[Records from a collection]
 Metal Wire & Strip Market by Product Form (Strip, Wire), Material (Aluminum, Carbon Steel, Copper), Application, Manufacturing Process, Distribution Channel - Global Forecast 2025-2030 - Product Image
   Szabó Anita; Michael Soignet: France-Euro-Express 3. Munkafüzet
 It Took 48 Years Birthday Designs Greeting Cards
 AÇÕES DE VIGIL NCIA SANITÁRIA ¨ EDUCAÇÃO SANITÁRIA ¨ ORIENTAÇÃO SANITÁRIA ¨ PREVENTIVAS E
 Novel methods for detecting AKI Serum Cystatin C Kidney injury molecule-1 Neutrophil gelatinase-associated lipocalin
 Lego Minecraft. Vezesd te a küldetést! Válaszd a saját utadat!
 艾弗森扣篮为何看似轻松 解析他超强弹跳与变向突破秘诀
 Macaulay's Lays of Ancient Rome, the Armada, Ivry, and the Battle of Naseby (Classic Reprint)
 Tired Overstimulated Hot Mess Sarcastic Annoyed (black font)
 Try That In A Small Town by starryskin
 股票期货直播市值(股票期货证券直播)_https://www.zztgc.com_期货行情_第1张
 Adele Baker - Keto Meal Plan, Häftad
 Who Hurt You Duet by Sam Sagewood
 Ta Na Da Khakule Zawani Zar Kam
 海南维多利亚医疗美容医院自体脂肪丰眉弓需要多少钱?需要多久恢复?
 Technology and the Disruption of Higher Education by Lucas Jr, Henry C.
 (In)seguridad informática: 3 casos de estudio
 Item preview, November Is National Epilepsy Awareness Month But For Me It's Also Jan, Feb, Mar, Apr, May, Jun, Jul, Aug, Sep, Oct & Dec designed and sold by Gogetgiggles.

### [TASK BRIEF]
All that is wanted is the set of lines from the one with "Technology and the" through the last line of the entries, both included, output exactly.

### [SOLUTION TO THE EXERCISE]
 Technology and the Disruption of Higher Education by Lucas Jr, Henry C.
 (In)seguridad informática: 3 casos de estudio
 Item preview, November Is National Epilepsy Awareness Month But For Me It's Also Jan, Feb, Mar, Apr, May, Jun, Jul, Aug, Sep, Oct & Dec designed and sold by Gogetgiggles.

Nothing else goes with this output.